The case of Howell Jones LLP 11846-2018 has thrown doubt on the extent to which law firms can act for a client who has suffered from a mistake caused by a solicitor in the firm.
Facts of the case
Howell Jones LLP acted for a husband (H) in divorce and financial proceedings. Following legal advice, H settled the financial aspects of the divorce.
H subsequently complained about the settlement. The firm obtained counsel’s advice, who concluded that the settlement was not as favourable to H.
Taking into account conflict of interest, and having informed its insurers, the firm wrote a frank and open letter to H, admitting and apologising for its mistake. The letter stated that H could sue Howell Jones if he wished and either: take independent legal advice, or continue to instruct Howell Jones on the basis that the firm would seek to overturn the settlement at its own expense.
H accepted the apology and the offer to continue as the firm’s client. His legal fees totalling £6,238 were refunded. In addition, Howell Jones agreed not to charge H for the attempt to set aside the settlement and indemnified H against any adverse costs, should the attempt to set aside the settlement agreement fail.
Unfortunately, the application to set aside the settlement did not succeed. Adverse costs were set at £35,000, which Howell Jones duly paid to H.
H then complained to the Legal Ombudsman, who awarded him an additional £50,000, which was also covered by the firm.
The SRA investigation
The matter came to the attention of the Solicitors Regulation Authority (SRA), who investigated and brought the firm before the Solicitors Disciplinary Tribunal (SDT) on the grounds that it had acted in breach of the Code of Conduct, in circumstances where there was an own-interest conflict.
In its judgement, the SDT concluded that Howell Jones had, “not ceased acting when it should have done and this was fairly described as an error of judgement”. The firm agreed to pay a £5,000 fine and costs to the SRA of £26,850. The overall cost to the firm and/or its insurers therefore totalled around £150,000.
It may be of interest to note that had this been a smaller firm or sole practitioner, the total costs may have made them bankrupt.
The decision in Howell Jones LLP 11846-2018 has the following potential consequences:
- Solicitors who attempt to resolve mistakes with pragmatic approaches may no longer feel they can do so and will thus be forced to cease acting. Legal costs will therefore undoubtedly increase for the affected client.
- Solicitors may feel that despite correctly following their professional obligations in being open and honest with clients about mistakes, they are still being penalised.
- This may increase claims for professional negligence against law firms in situations where firms have honestly and genuinely made a mistake, are open with the client about it and take necessary steps to address the issue.
Commenting on the case, Gregory Treverton-Jones QC raises the inherent worry that law firms could now be forced to send clients to another firm rather than put things right at their own expense when they identify an error. He added that, ‘The SRA does not seem to consider that an own-interest conflict can be cured by the sort of pragmatic solution that has been in place for decades. The only winners will be professional negligence lawyers.’

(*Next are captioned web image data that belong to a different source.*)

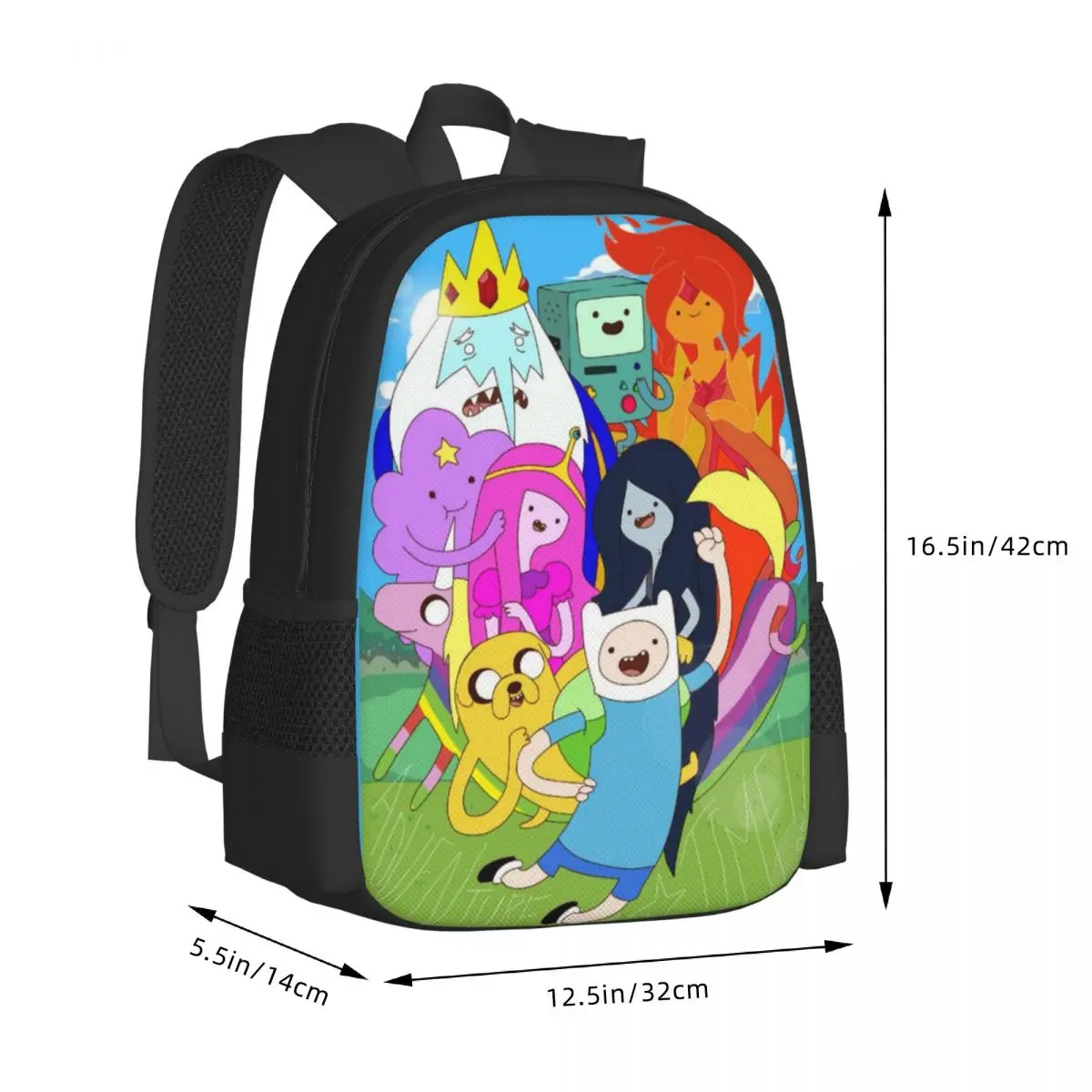 Cartoon Adventure Time Finn Jake Travel Laptop Backpack, Business College School Computer Bag Gift for Men & Women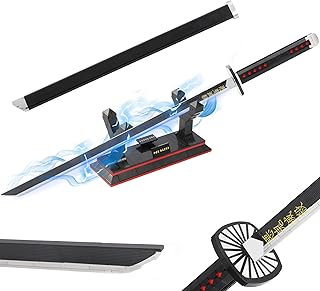 HI-REEKE Cosplay Anime Kamado Tanjirou Sword Building Block Set for Demon Slayer Swords Fake Samurai Katana Model Toy for Adult (Compatible with Lego)-759PCS
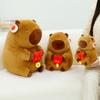 New Year Style Simulation Capybara Toy Soft Stuffed Capybara Doll  Christmas Toy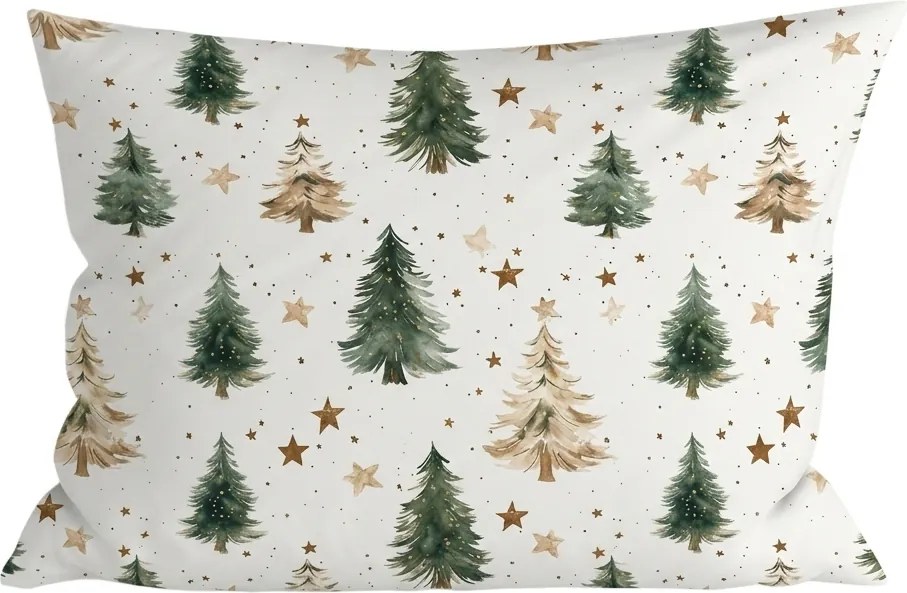 Bawełniana poszewka na poduszkę CHRISTMAS FOREST 50x70 cm, kolorowa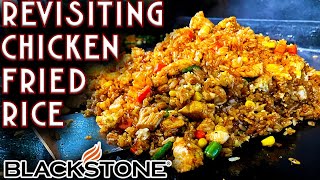 REVISITING OUR MOST VIEWED COOK CHICKEN FRIED RICE ON THE BLACKSTONE GRIDDLE EASY RECIPE [upl. by Hi]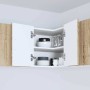 Armario de cocina mural con puerta Roble Sonoma 57 x 57 x 40 cm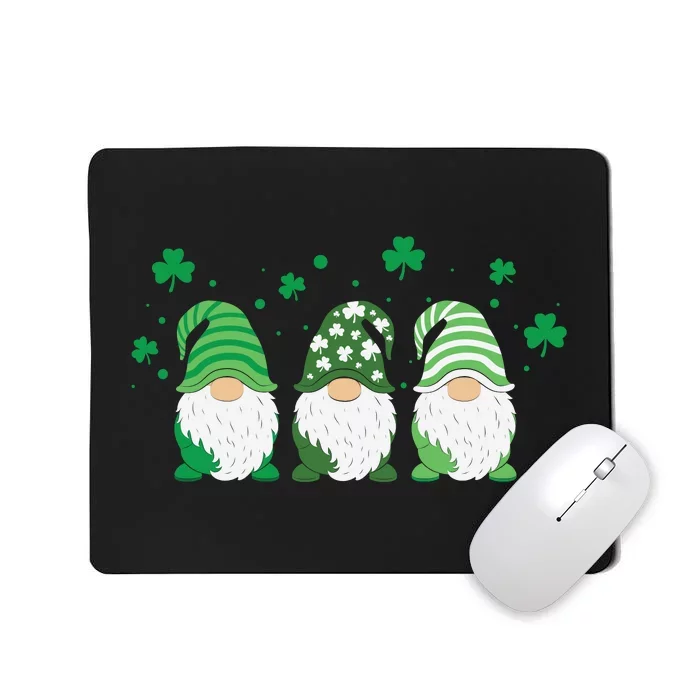 St Patricks Day Gnome Green Mousepad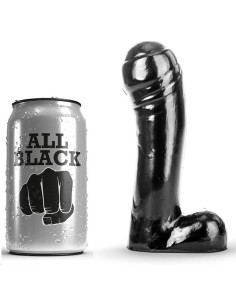 ALL BLACK - DILDO BLACK 15 CM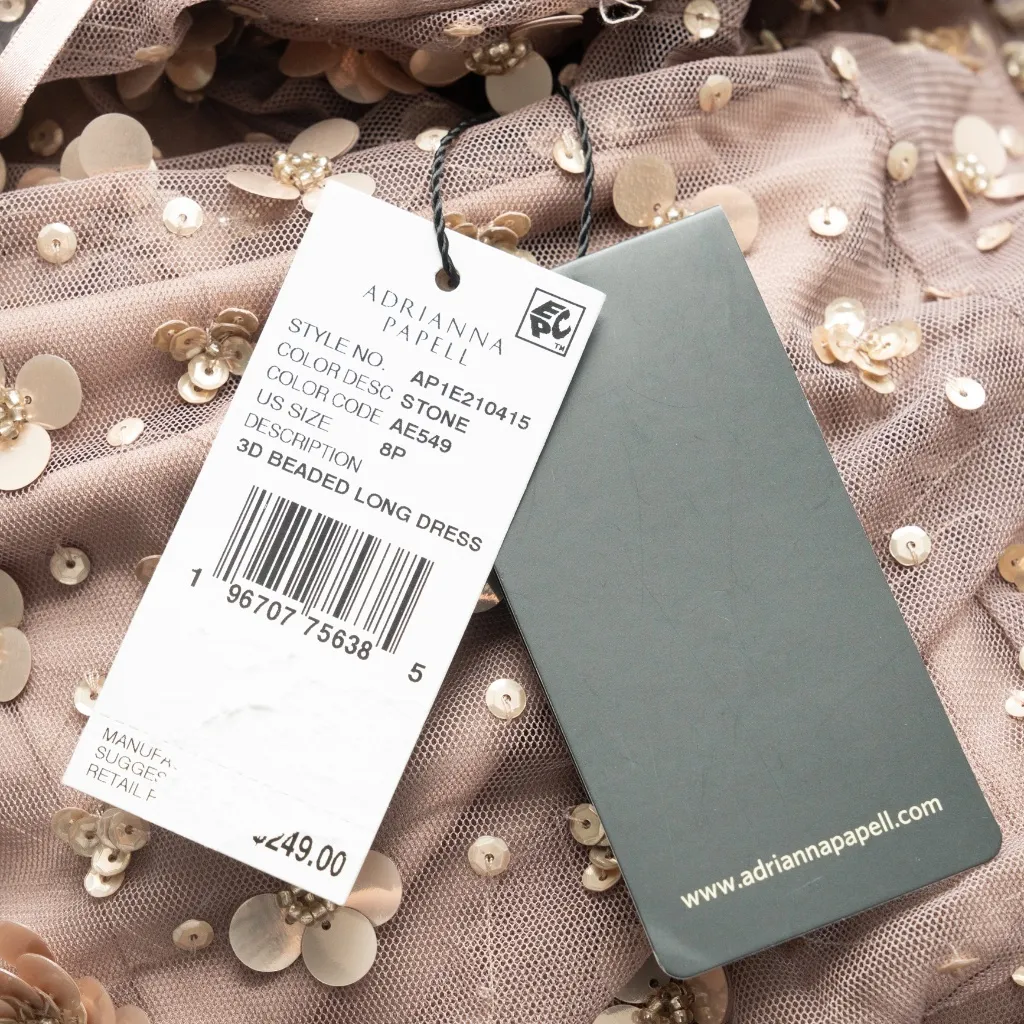 Adrianna Papell -  Petite 3D Embellished Blouson Gown - Image 4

The purpose of the SRA as a regulatory body is to maintain the reputation of the profession and ensure that solicitors work to high standards. Common sense tells us that this often means coming up with pragmatic solutions to problems, to ensure that clients get the best possible service.
In this case, the SRA penalised Howell Jones for attempting to put matters right at their own expense, giving the client the option of taking independent legal advice and informing him of his right to sue them. This is contrary to both the client’s interest and the reputation of the profession.
Looking at the way the SRA handled this case, can one conclude that it is really achieving its purpose?